Ja, das ist die große Neuerung. Es wird ein one-stop-shop mit Testung, Beratung und Therapie in enger Kooperation mit den Angeboten des Vereins Aids Hilfe Wien. Das, was die Aidshilfe jetzt schon macht, bleibt bestehen und wird um die medizinische Komponente erweitert. Wir rechnen in Zukunft mit über 30.000 Patient*innen pro Jahr, das ist also ganz schön viel. Die Behandlung von Nicht-Versicherten sowie der kostenlose und anonyme HIV-Test werden natürlich auch weiterhin möglich sein.
Wir werden verschiedene Fachrichtungen dort vereinen: Allgemeinmedizin, aber auch Dermatologie und Gynäkologie, um auch das ganze Spektrum von STIs gut abdecken zu können.
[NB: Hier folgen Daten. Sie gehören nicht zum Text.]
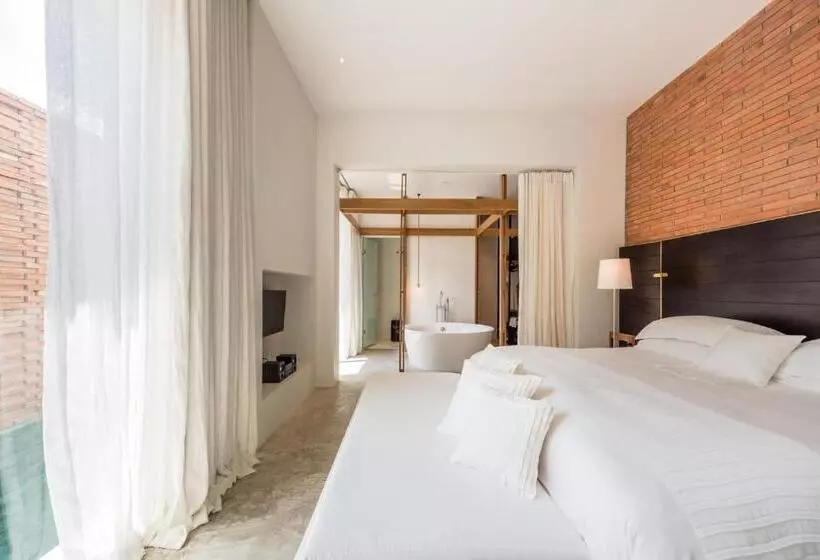 Suite with Pool, Sala Ayutthaya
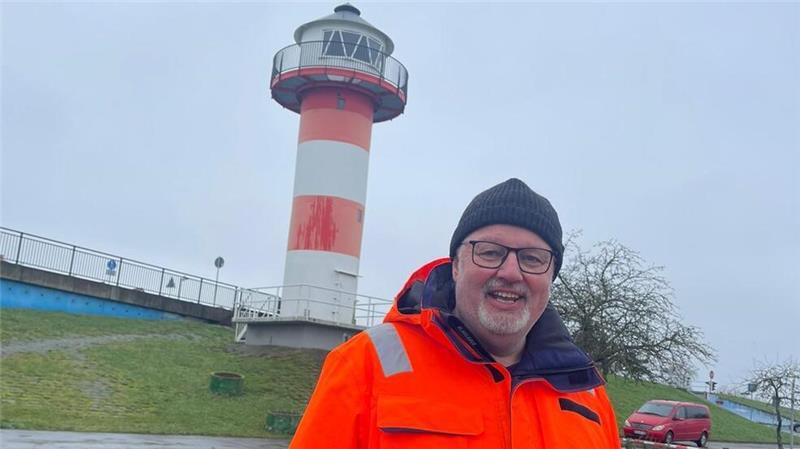 HPA-Versuchsleiter Gernot Steenblock nach dem Testflug am Lühe-Anleger.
Sozialarbeiter*innen, psychologische Unterstützung, die ganze Anti-Diskriminierungsarbeit, Schulworkshops und die Community-Arbeit bleiben natürlich ebenfalls erhalten.
Wir schaffen in dem Zentrum auch eine Vollzeitstelle für wissenschaftliche Begleitung, weil die Datenqualität zum Thema sexuelle Gesundheit in Österreich leider eher schlecht ist.
In Österreich werden viele HIV-Tests durchgeführt, dennoch gibt es auch viele Menschen, die ihre Diagnose spät erhalten. Wie kommt das?
Es stimmt, dass wir in Österreich sehr viele HIV-Tests durchführen. Die hohe Anzahl liegt aber zum Teil auch an falsch indizierten Tests, zum Beispiel vor Operationen. Eigentlich ist das nicht mehr empfohlen, aber trotzdem ist es oft noch Usus.
Wir haben sicher ein Problem mit late presentern (Anm.: Menschen mit HIV, die ihre Diagnose erst spät erhalten), weil es da auch gar kein Bewusstsein dafür gibt, dass sie ein Risikoverhalten haben und auch das Gesundheitswesen oft nicht auf die Idee kommt, dass es HIV sein könnte. Late presenter sind zu einem größeren Teil weiße, heterosexuelle Männer über 50 Jahre.
Bei der Gesundenuntersuchung sexuelles Risikoverhalten und STIs mitzunehmen, wäre daher eine gute Idee. Das gilt aber ganz allgemein: Durch das Ansprechen von Themen sexueller Gesundheit kann sich sogar Therapieadhärenz verbessern, wenn zum Beispiel sexuelles Unwohlsein durch Nebenwirkungen eines Medikaments zustande kommt.
Die Entwicklung in diesem Bereich ist jedenfalls beunruhigend: Der letzte Verhütungsreport hat ergeben, dass über 40% der Jugendlichen überhaupt nicht verhüten! Die Zahl der Chlamydien steigt stark und das werden wir zum Beispiel bei Frauen in einigen Jahren deutlich sehen, wenn Fruchtbarkeitsprobleme auftreten durch solche Infektionen.
Es gibt schon einzelne Projekte, zum Beispiel zu kostenlosen Verhütungsmitteln, also es tut sich was. Das sind aber trotzdem noch baby steps und wir brauchen bei der sexuellen Gesundheit einen großen Schritt vorwärts.
Vielen Dank für das Gespräch!
über Mirijam hall
Dr.in Mirijam Hall ist als Gynäkologin in Wien tätig und ist als erste Frau Vorsitzende der Aids Hilfe Wien. Mirijam Hall engagiert sich außerdem in der Österreichischen Gesellschaft für Familienplanung (ÖGF) sowie bei der Kampagne #ausprinzip für den straffreien Schwangerschaftsabbruch.